Immigrant labor key election issue
Wisconsin's dairy community is hopeful that Republican presidential candidate Donald Trump will gain a better understanding of the importance of immigrant labor to agriculture and the security of our food supply during his visit to the state this week.
Trump has announced several events throughout the state leading up to the state's primary election on April 5. Trump's past statements about immigrants have not shown an understanding of just how critical this group is to dairy farmers and American food production.
'Immigrant workers play a key role on dairies throughout the state,' said Gordon Speirs, a dairy farmer from Brillion, WI, and the president of the Dairy Business Association (DBA). 'Without access to labor, some dairies would simply have to close. Any growth or expansion would be out of the question.'
'As Americans we are concerned about national security,' Speirs said. 'We cannot have national security without food security, and we cannot have food security without workers. It is better that we import workers to help grow, harvest and process our food here rather than have the food grown elsewhere and have to import it.'
Despite offering competitive wages, dairy farmers struggle to find and retain workers because of the demands of the job. This has become even more challenging as rural America has seen its population age and slowly decline.
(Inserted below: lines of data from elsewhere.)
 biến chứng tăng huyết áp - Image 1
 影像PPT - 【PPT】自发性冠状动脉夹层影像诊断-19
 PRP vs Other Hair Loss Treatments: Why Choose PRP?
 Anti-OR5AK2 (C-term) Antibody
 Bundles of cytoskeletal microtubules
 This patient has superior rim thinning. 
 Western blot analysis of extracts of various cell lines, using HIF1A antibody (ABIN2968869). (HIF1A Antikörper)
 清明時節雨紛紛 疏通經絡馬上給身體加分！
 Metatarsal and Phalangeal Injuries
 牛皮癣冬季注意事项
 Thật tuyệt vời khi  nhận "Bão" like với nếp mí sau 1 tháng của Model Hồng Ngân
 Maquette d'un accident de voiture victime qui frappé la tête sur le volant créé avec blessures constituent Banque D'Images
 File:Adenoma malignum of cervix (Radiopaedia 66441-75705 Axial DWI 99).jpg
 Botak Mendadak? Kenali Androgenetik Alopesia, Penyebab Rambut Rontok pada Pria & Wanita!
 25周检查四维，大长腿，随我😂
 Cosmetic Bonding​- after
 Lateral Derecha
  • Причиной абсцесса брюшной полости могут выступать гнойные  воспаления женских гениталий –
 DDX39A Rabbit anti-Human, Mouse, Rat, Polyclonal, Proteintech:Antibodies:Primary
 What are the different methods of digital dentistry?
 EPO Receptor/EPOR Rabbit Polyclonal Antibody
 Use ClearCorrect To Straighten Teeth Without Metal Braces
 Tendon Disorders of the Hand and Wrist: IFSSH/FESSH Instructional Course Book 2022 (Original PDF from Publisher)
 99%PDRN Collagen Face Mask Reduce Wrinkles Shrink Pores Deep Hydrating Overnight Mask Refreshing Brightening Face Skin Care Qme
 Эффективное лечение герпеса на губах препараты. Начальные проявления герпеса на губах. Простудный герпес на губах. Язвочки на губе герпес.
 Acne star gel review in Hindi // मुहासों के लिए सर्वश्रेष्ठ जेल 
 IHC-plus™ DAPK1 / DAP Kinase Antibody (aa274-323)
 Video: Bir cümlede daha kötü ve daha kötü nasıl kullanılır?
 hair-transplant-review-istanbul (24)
'Dairy farmers know that their immigrant workers to be good, honest, and hardworking people,' said John Holevoet, DBA's director of government affairs. 'The campaign rhetoric so far has been hurtful and has made many workers unnecessarily apprehensive about their futures.'
Research conducted by a team at Texas A&M University showed the retail cost of milk would nearly double without immigrant labor. The impact on the many Americans whose only budget flexibility comes from the money spent on food would be particularly severe.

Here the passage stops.